## How to complete this task
Below are the records; repeat exactly their lines between the line holding "This is the" and the line holding "If you're new", inclusive, skipping the pictures.

## Dataset entries
============

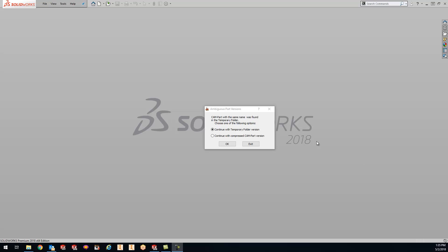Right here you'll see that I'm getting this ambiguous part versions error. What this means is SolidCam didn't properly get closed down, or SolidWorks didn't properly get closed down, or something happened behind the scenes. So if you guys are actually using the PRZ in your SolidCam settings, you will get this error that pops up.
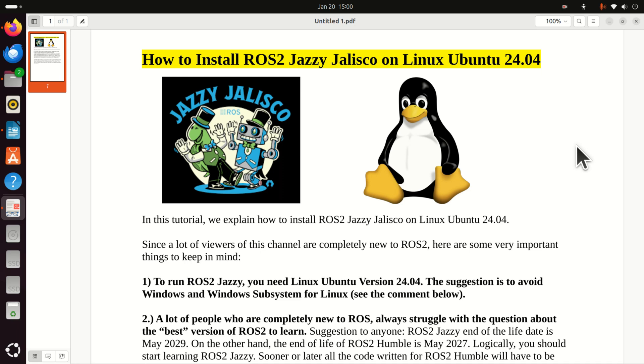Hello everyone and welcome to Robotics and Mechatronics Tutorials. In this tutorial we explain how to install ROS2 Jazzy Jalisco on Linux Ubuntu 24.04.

============

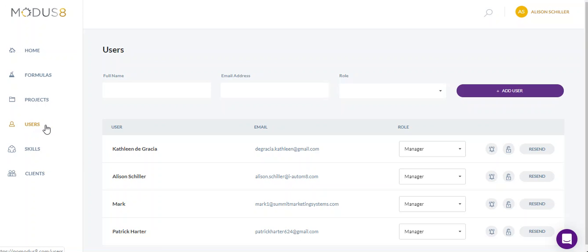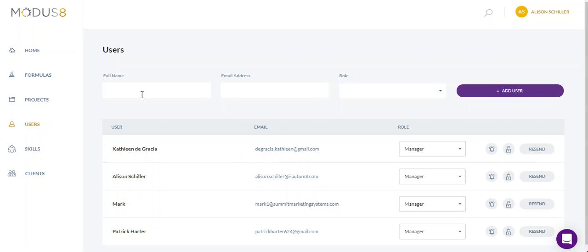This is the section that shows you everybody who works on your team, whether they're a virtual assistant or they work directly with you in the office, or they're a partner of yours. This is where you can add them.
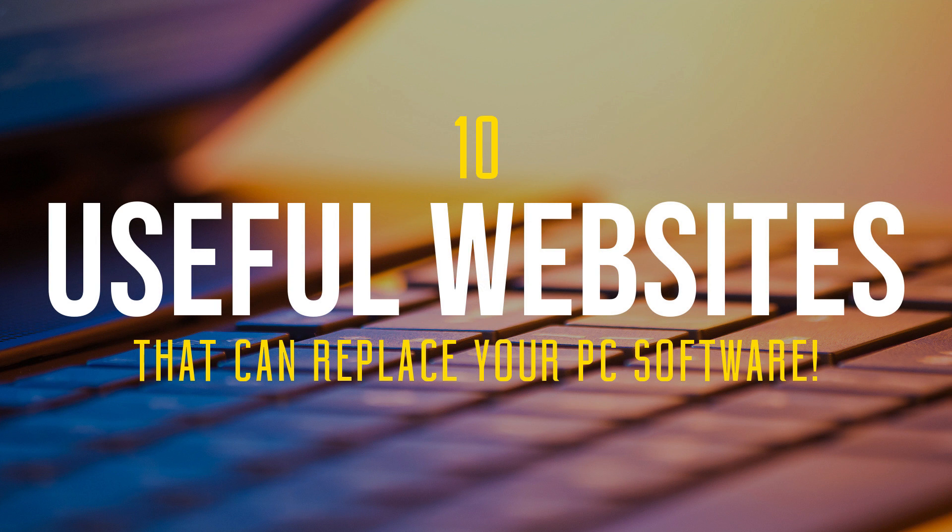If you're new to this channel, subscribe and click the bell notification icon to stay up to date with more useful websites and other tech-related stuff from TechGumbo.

============

## Solution for this task
This is the section that shows you everybody who works on your team, whether they're a virtual assistant or they work directly with you in the office, or they're a partner of yours. This is where you can add them.
If you're new to this channel, subscribe and click the bell notification icon to stay up to date with more useful websites and other tech-related stuff from TechGumbo.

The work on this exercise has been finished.